In step 1 to step 16, we extracted all the methods related to the DAL into their own hierarchy. We started in step 1 to step 9 by creating a base concrete class along with its interface to give us basic reusable DAL methods, such as UpdateEntity (a polymorphic method that accepts any entity) and Commit. The base class's constructor instantiates the organization service context as it uses the unit of the work design pattern (as described in the Creating a LINQ data access layer recipe of Chapter 4, Server-Side Extensions). In step 10 to step 16, we created our e-mail-specific concrete DAL along with its interface. The concrete class inherits from the base class, thus including the accessible base class's methods.

From step 17 to step 22, we created a concrete tracing class along with its interface. This specific class simply wraps the CRM tracing service functionality.

In step 23 to step 27, we extracted the business logic to call the load and update e-mail methods into a separate business logic class.
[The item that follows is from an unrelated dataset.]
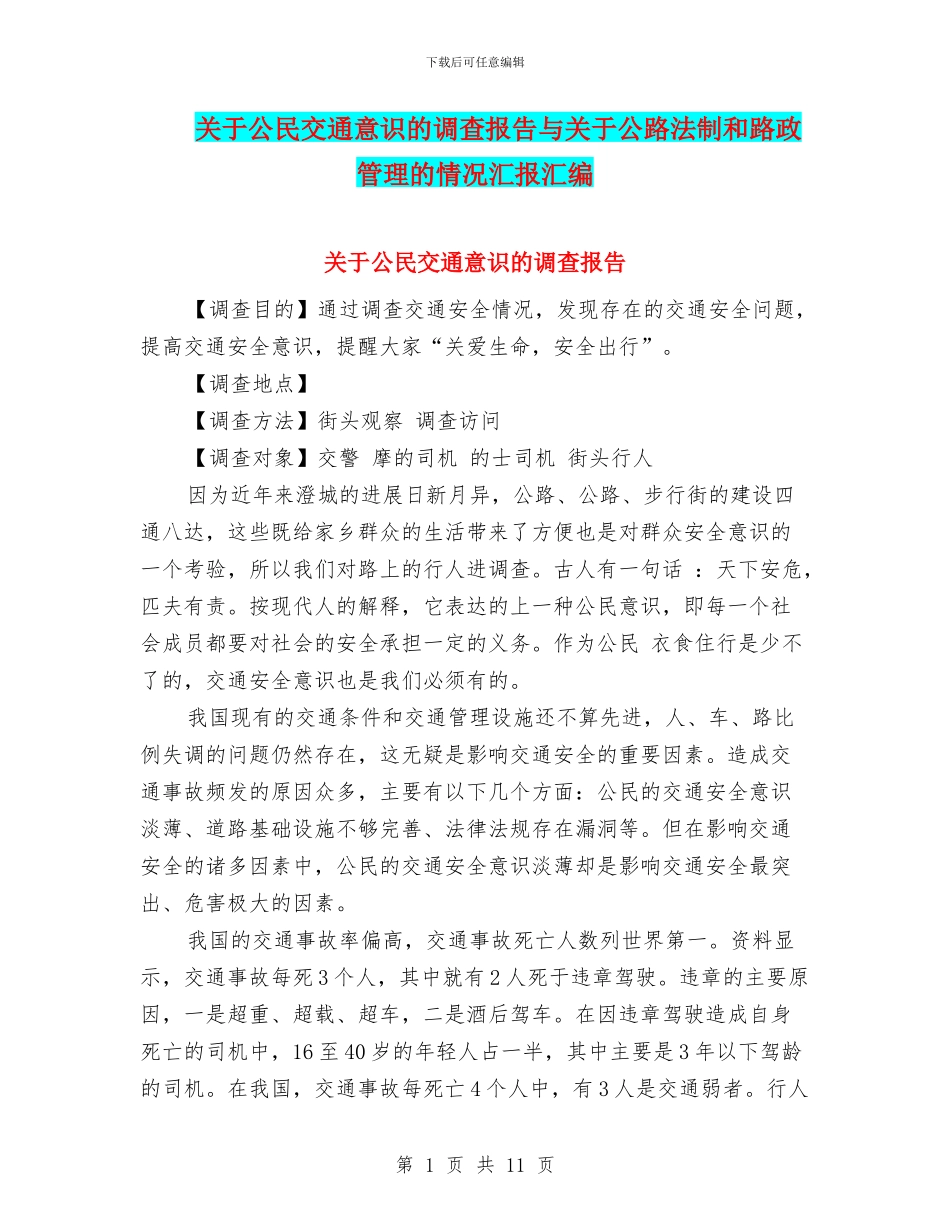 关于公民交通意识的调查报告与关于公路法制和路政管理的情况汇报汇编_第1页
This class is only dependent on the previous two interfaces created (IEmailDataAccessLayer and ICustomTracingService) and is unaware that the concrete classes are connected to Dynamics 365.

In step 28 to step 31, we created a factory class to generate the two concrete classes we created previously, but each method's return type is an interface. The factory uses the singleton pattern to ensure we can reuse classes that are already instantiated. Furthermore, the factory implements IDisposable to dispose the DAL classes properly.

In step 32 to step 41, we refactored what is left from the original plugin into an abstract base class and a child class. The base (BasePlugin) deals with the most common generic elements of a plugin; it handles extracting the organization service, instantiating the factory class and the tracing service, and handling exceptions by wrapping the plugin execution in a try catch statement.

In step 38 to step 42, we implemented our specific plugin that now inherits from the base plugin. Given that most of the plugin handling details are in the base class, and that the specific work done by the plugin was extracted to the business logic, all we need to do in our concrete class is instantiate the business logic, inject the correct dependencies, and call the correct method on the business logic. Two lines of code in the overridden PostExecute method plus one line to override the ExpectedEntityLogicalName getter to return the entity's logical name is all that are needed.

Note how we created the majority of the classes as public. This ensures that we can access them from external assemblies to extend them. Feel free to restrict the accessibility as you see fit however; do not expose your classes for the sake of unit testing. Without going too much into a philosophical unit testing debate, Visual Studio allows you to unit test restricted methods if necessary.

Our one class plugin has now turned into 10+ classes. The new class diagram now looks like this:

Note how the business logic is only dependent on interfaces (dependency arrows between BusinessLogic and ICustomTracingService or IEmailDataAccessLayer). This is a good example of fundamental object-oriented paradigms at work (encapsulation and polymorphism when injecting mocks or stubs).

The abstract base plugin is now only dependent on the factory class and the tracing interface. The concrete plugin is only dependent on the business logic (and also the factory and the tracing interface through its inheritance). The factory is the only class dependent on concrete classes. You can further enhance the factory class to use reflection to load the correct class (configuration-driven instantiation), also rendering it indirectly dependent on the concrete classes.

Why did we complicate our simple one class code? We did that for the sake of better design; the new design follows the SOLID principal. The classes are small and loosely coupled yet cohesive. There is no direct dependency to concrete classes, which means unit testing our business logic is much easier. Given that the actual plugin has been simplified and that it delegates most of the work to the business logic, which enables us to convert our plugin to something else. For example, we can change it to a unit test to test our business logic without using the Dynamics 365 user interface by simply injecting a live Dynamics 365 DAL. Alternatively, we can easily convert a plugin into a custom workflow activity (as described in the Converting your plugin into a custom workflow activity recipe later in this chapter).